28 October 2021

Books: Groucho Marx, King of the Jungle By Ron Goulart (2005)

 Groucho Marx, King of the Jungle: A Mystery Featuring Groucho Marx  (Mysteries Featuring Groucho Marx Book 6) - Kindle edition by Goulart, Ron.  Mystery, Thriller & Suspense Kindle eBooks @ Amazon.com.

“Frank Denby and Groucho Marx arrive on the set of the new Ty-Gor film, a Tarzan knockoff, expecting to have Groucho do his humorous walk-on. What they find is that Randy Spellman, the star of the picture, has been murdered. Frank’s wife, Jane, is only a few weeks away from having their baby and the amateur detective team has promised to lay off on the sleuthing. But when a stuntwoman who has gone missing is suspected of the murder, Jane insists they take up the case to clear the young woman’s name. In addition to being a horrible actor, Spellman was a womanizer and a blackmailer. Many people had reason to dislike him, or even kill him, and the investigation leads Frank and Groucho through the glamour and seediness of 1940s Hollywood, Groucho signing autographs all the while.”

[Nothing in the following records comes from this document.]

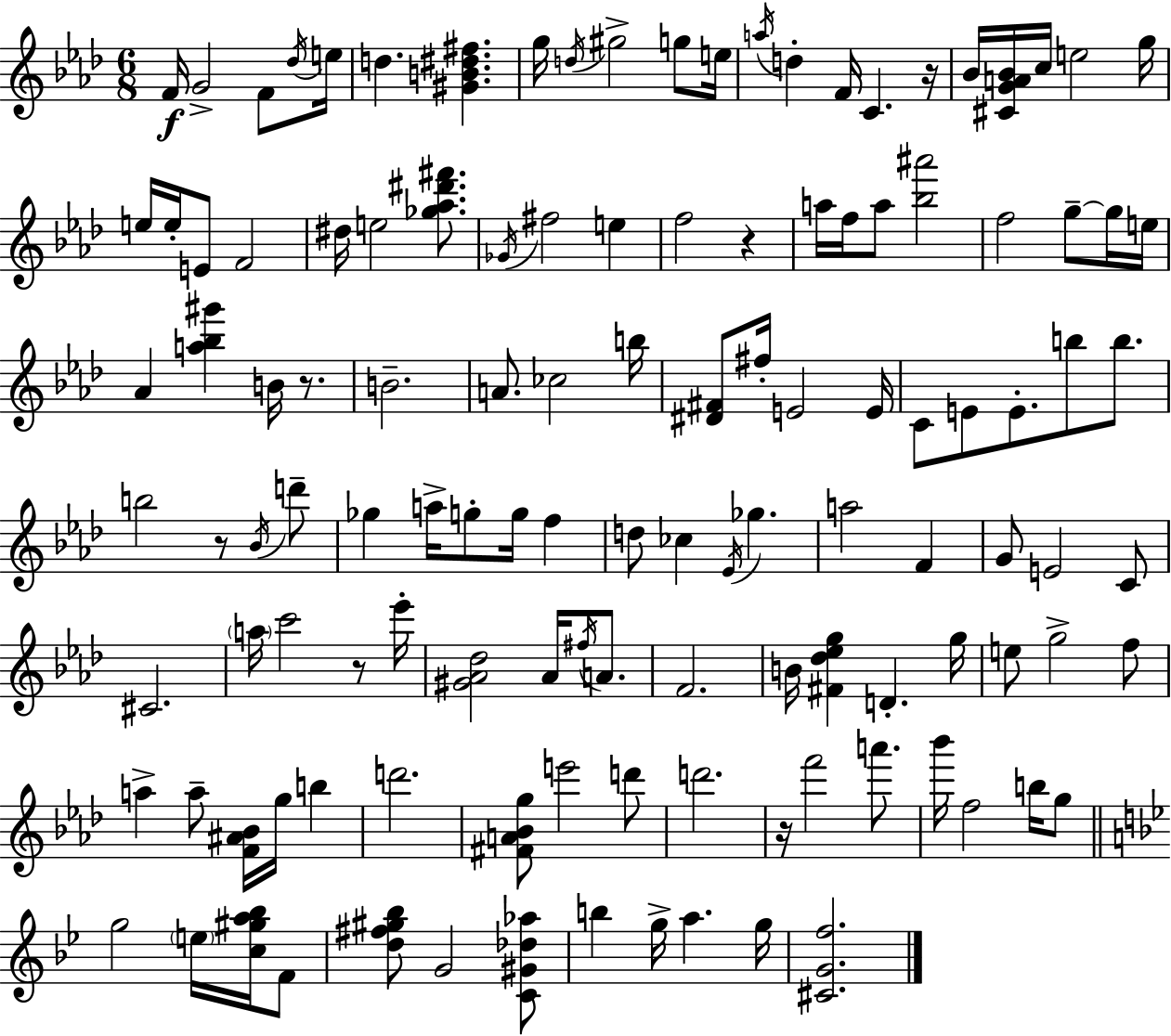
{
  \clef treble
  \numericTimeSignature
  \time 6/8
  \key aes \major
  f'16\f g'2-> f'8 \acciaccatura { des''16 } | e''16 d''4. <gis' b' dis'' fis''>4. | g''16 \acciaccatura { d''16 } gis''2-> g''8 | e''16 \acciaccatura { a''16 } d''4-. f'16 c'4. | \break r16 bes'16 <cis' g' a' bes'>16 c''16 e''2 | g''16 e''16 e''16-. e'8 f'2 | dis''16 e''2 | <ges'' aes'' dis''' fis'''>8. \acciaccatura { ges'16 } fis''2 | \break e''4 f''2 | r4 a''16 f''16 a''8 <bes'' ais'''>2 | f''2 | g''8--~~ g''16 e''16 aes'4 <a'' bes'' gis'''>4 | \break b'16 r8. b'2.-- | a'8. ces''2 | b''16 <dis' fis'>8 fis''16-. e'2 | e'16 c'8 e'8 e'8.-. b''8 | \break b''8. b''2 | r8 \acciaccatura { bes'16 } d'''8-- ges''4 a''16-> g''8-. | g''16 f''4 d''8 ces''4 \acciaccatura { ees'16 } | ges''4. a''2 | \break f'4 g'8 e'2 | c'8 cis'2. | \parenthesize a''16 c'''2 | r8 ees'''16-. <gis' aes' des''>2 | \break aes'16 \acciaccatura { fis''16 } a'8. f'2. | b'16 <fis' des'' ees'' g''>4 | d'4.-. g''16 e''8 g''2-> | f''8 a''4-> a''8-- | \break <f' ais' bes'>16 g''16 b''4 d'''2. | <fis' a' bes' g''>8 e'''2 | d'''8 d'''2. | r16 f'''2 | \break a'''8. bes'''16 f''2 | b''16 g''8 \bar "||" \break \key bes \major g''2 \parenthesize e''16 <c'' gis'' a'' bes''>16 f'8 | <d'' fis'' gis'' bes''>8 g'2 <c' gis' des'' aes''>8 | b''4 g''16-> a''4. g''16 | <cis' g' f''>2. | \break \bar "|."
}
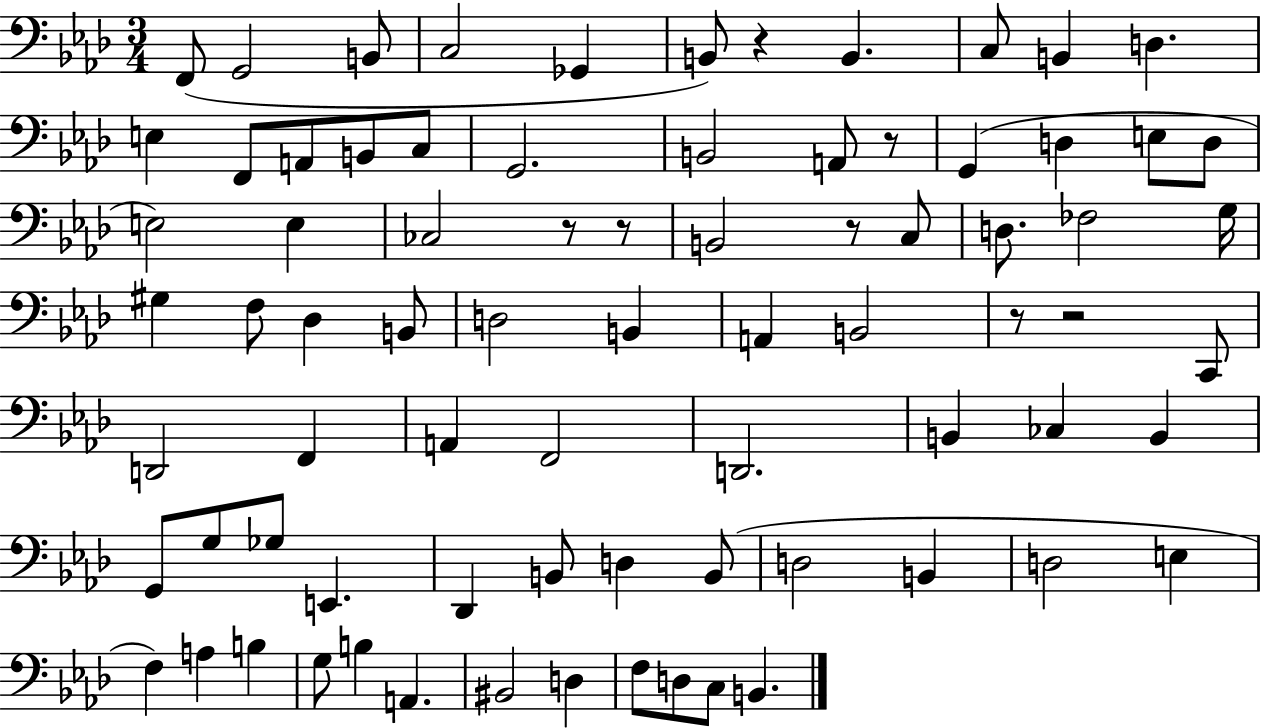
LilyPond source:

{
  \clef bass
  \numericTimeSignature
  \time 3/4
  \key aes \major
  f,8( g,2 b,8 | c2 ges,4 | b,8) r4 b,4. | c8 b,4 d4. | \break e4 f,8 a,8 b,8 c8 | g,2. | b,2 a,8 r8 | g,4( d4 e8 d8 | \break e2) e4 | ces2 r8 r8 | b,2 r8 c8 | d8. fes2 g16 | \break gis4 f8 des4 b,8 | d2 b,4 | a,4 b,2 | r8 r2 c,8 | \break d,2 f,4 | a,4 f,2 | d,2. | b,4 ces4 b,4 | \break g,8 g8 ges8 e,4. | des,4 b,8 d4 b,8( | d2 b,4 | d2 e4 | \break f4) a4 b4 | g8 b4 a,4. | bis,2 d4 | f8 d8 c8 b,4. | \break \bar "|."
}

Groucho Marx, King of Jungle is the sixth and final book Ron Goulart wrote featuring the legendary comedian who solves murders in Old Hollywood with his screenwriter pal Frank Denby and his wife Jane. It’s also probably weakest of the six, as it shows that premise does have it limitations. It’s interesting to note for me, as I read this book, how much Goulart paints Hollywood of the period as one full of pretty blonde women willing to do anything to be a star, how everyone sort of used any means possible, like blackmail, against one another and how devious and seedy people can be. Set in April of 1940, the Hollywood Hills and the Valley are always fog strewn, with misty rain and dark alley’s beckoning the gullible. April can be a cool month here and generally suffers from the marine layer, but not so much as presented here.

Anyways, the plot of this book does get a bit more complex here, and maybe even a bit dark and certainly unsavory, but at the cost of the humor that made the other five a fun read, with a lot of that Groucho’s non-sequitur monologues never really hit the mark. There was also a subplot I wished Goulart would have taken up, that of a black man and a white women in a relationship in 1940. It seems while everything else got more serious, this one plot point was left behind –which made it a lost opportunity.

A fine, bittersweet ending, but probably for the best Goulart never went on to write more.